• Activity: Copy out the data below as written; omit any images.

[Dataset excerpts]

::::

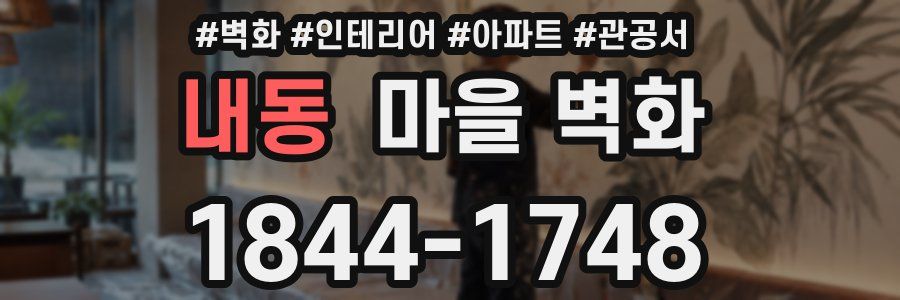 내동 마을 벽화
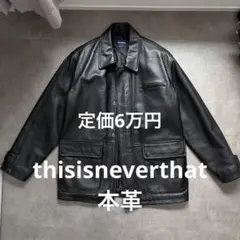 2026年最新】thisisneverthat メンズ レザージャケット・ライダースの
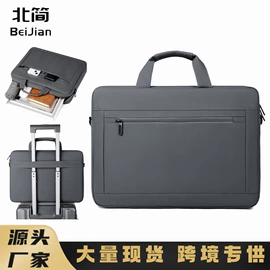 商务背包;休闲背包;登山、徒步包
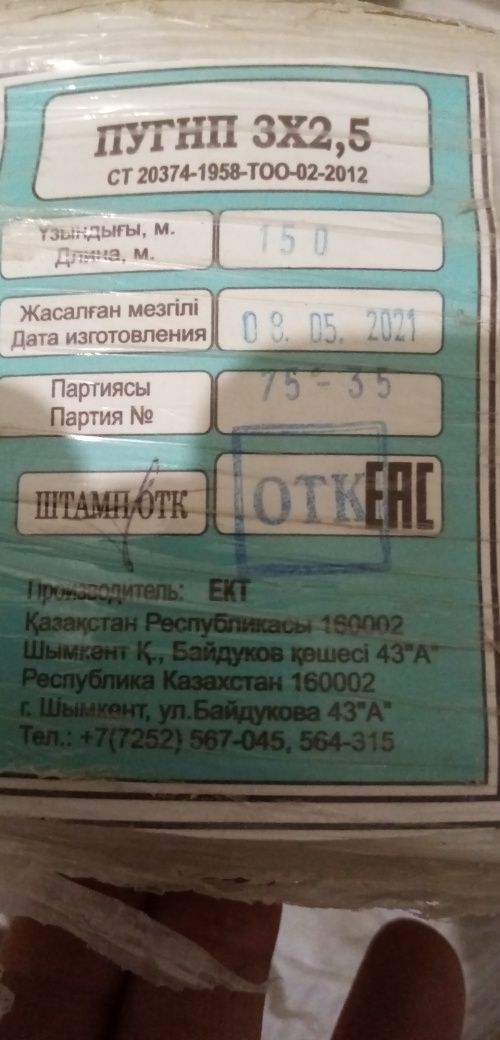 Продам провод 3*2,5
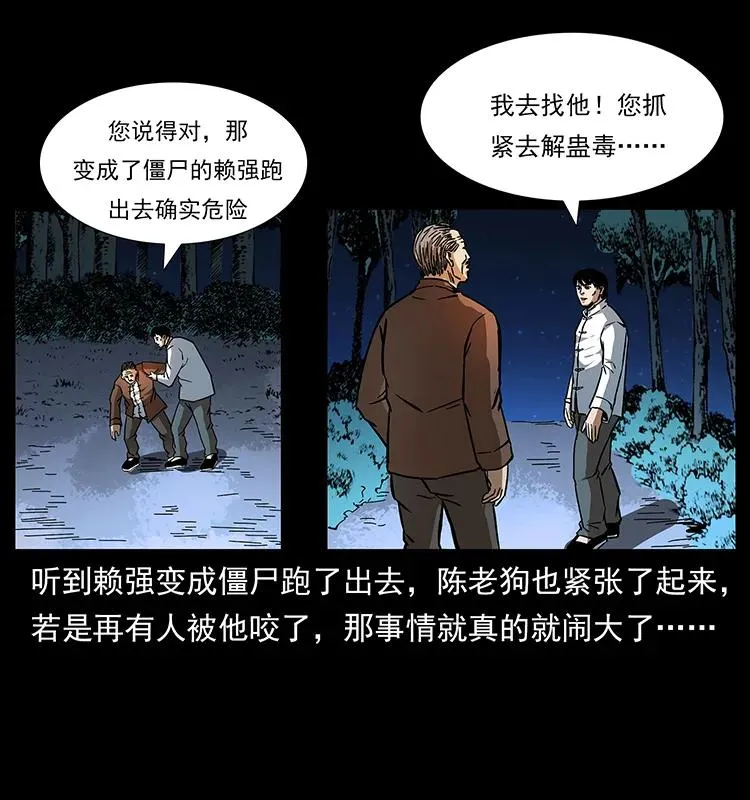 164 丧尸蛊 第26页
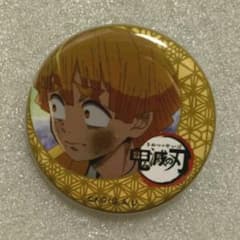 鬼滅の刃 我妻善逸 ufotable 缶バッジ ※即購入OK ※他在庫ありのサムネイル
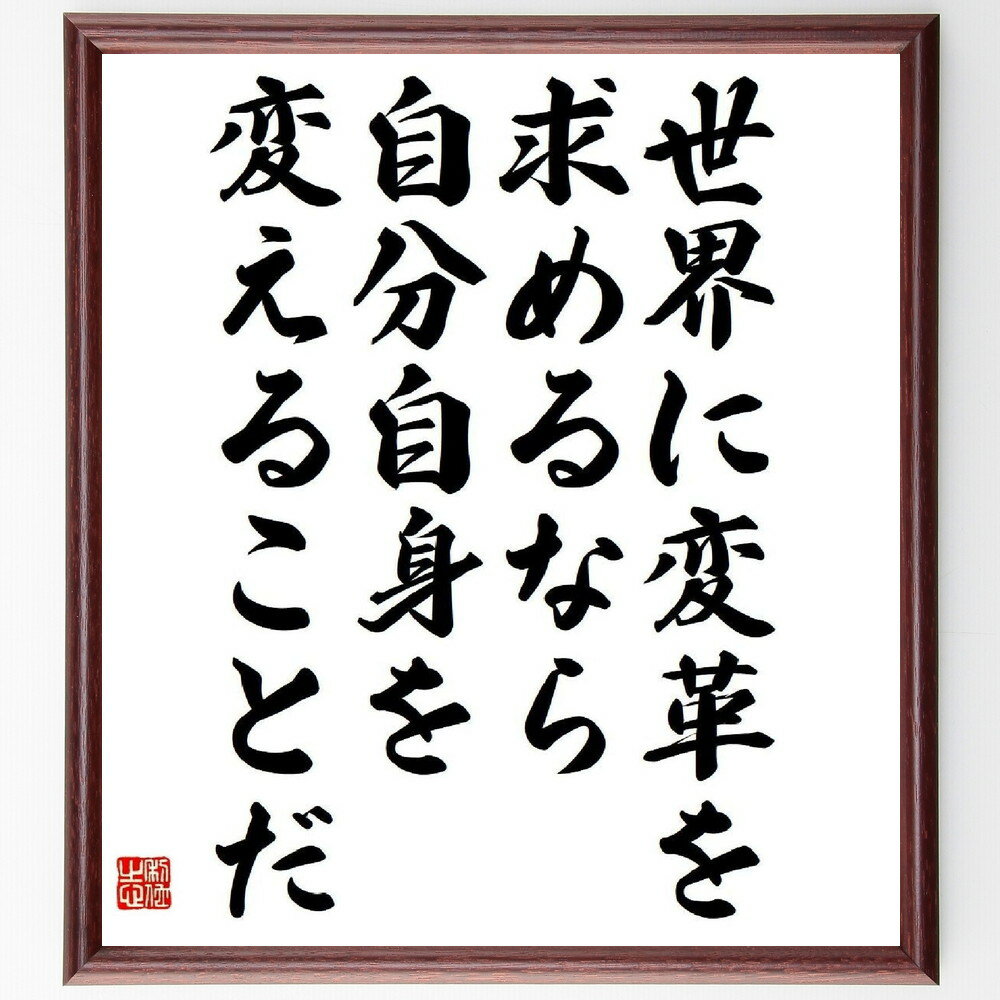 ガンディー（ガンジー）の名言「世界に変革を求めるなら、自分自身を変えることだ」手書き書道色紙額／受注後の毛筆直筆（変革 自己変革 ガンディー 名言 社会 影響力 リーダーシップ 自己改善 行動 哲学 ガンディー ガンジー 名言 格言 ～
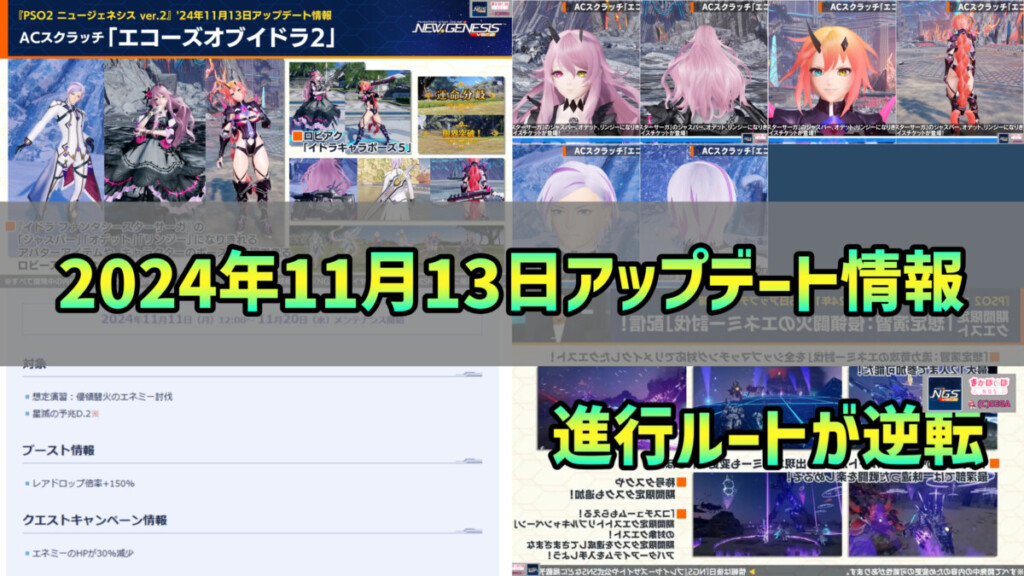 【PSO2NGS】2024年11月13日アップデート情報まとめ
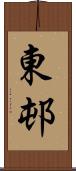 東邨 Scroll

::::

• Finished exercise:
 내동 마을 벽화
 2026年最新】thisisneverthat メンズ レザージャケット・ライダースの
 商务背包;休闲背包;登山、徒步包
 Продам провод 3*2,5
 164 丧尸蛊 第26页
 鬼滅の刃 我妻善逸 ufotable 缶バッジ ※即購入OK ※他在庫ありのサムネイル
 ガンディー（ガンジー）の名言「世界に変革を求めるなら、自分自身を変えることだ」手書き書道色紙額／受注後の毛筆直筆（変革 自己変革 ガンディー 名言 社会 影響力 リーダーシップ 自己改善 行動 哲学 ガンディー ガンジー 名言 格言 ～
 【PSO2NGS】2024年11月13日アップデート情報まとめ
 東邨 Scroll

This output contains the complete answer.